Giuseppina ricorda ancora una volta suo padre, difende la sua memoria, un uomo buono, perbene. Sarebbe stato obiettivo di una vendetta trasversale: Gregorio è il fratello di Domenico e lo zio di Giovanni Mezzatesta, i reduci del cosiddetto "Gruppo della Montagna".

La lettera di Giuseppina Mezzatesta

«Sono passati quattro anni da quella terribile mattina in cui una telefonata stravolse completamente la nostra vita. Qualcuno aveva deciso che toccava a te, a noi, pagare per le colpe di altri.

Quattro anni durante i quali, senza di te, abbiamo cercato di sopravvivere perché non avessero anche la soddisfazione di vederci crollare. I momenti duri sono e saranno tanti ma lottiamo solo per te, affinché tu possa continuare a sorridere e vivere attraverso noi.

E, nel frattempo, viviamo anche nella speranza di avere la giustizia che meriti, in un’aula in cui ascoltiamo fiumi di parole ma riusciamo a sentire solo il dolore e l’inumanità di chi si è arrogato il diritto di toglierti la vita.

Quello che pesa più di tutto è la sensazione di impotenza perché vorrei urlare al mondo chi eri e cosa ti hanno fatto, vorrei che tutti si ribellassero, vorrei che non facessero finta di nulla ma, ahi noi, omertà e ipocrisia sono le uniche cose che vedo!

Vorrei poterti dare giustizia, ma poi che cosa vuol dire?
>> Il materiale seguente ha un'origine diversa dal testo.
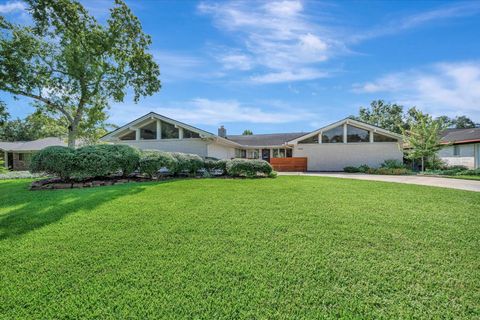 1442 Pirates Cove Houston TX 77058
Cosa può esistere al mondo di concreto o astratto che possa essere solo paragonabile all’averti ancora accanto?

Dopo quattro anni in cui il cuore non batte più allo stesso modo e le lacrime non si fermano, cerco di convincermi che l’unico modo per andare avanti è quello di renderti orgoglioso di noi e di vedere dei sorrisi sui nostri volti perché eravamo la tua unica ragione di vita.
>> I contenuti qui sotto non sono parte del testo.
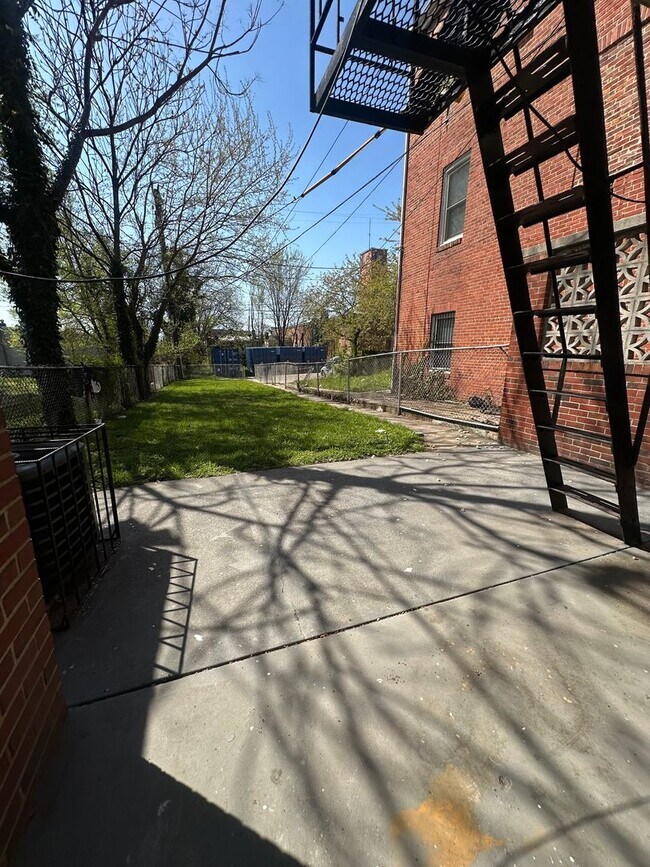 Building Photo - 1911 W Baltimore St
Ma permane tuttora l’incapacità di realizzare che non ci sei più e, ancora oggi, nei miei sogni ritorni e con il tuo sorriso mi dici che hai risolto tutto, poi, però, mi sveglio e cerco di convivere con la rabbia e l’angoscia che solo chi ha vissuto un dramma simile può capire.

Qualche giorno fa ripensavo al tuo film preferito, Il Gladiatore, a quanto odiavi le ingiustizie ed a come nei sei rimasto vittima, ascolto la colonna sonora e ripenso alla frase più celebre adattandola al nostro modo di vedere… e avrò la mia giustizia in questa vita o nell’altra!

Aspettando di poterti anche noi riabbracciare tra i campi elisi».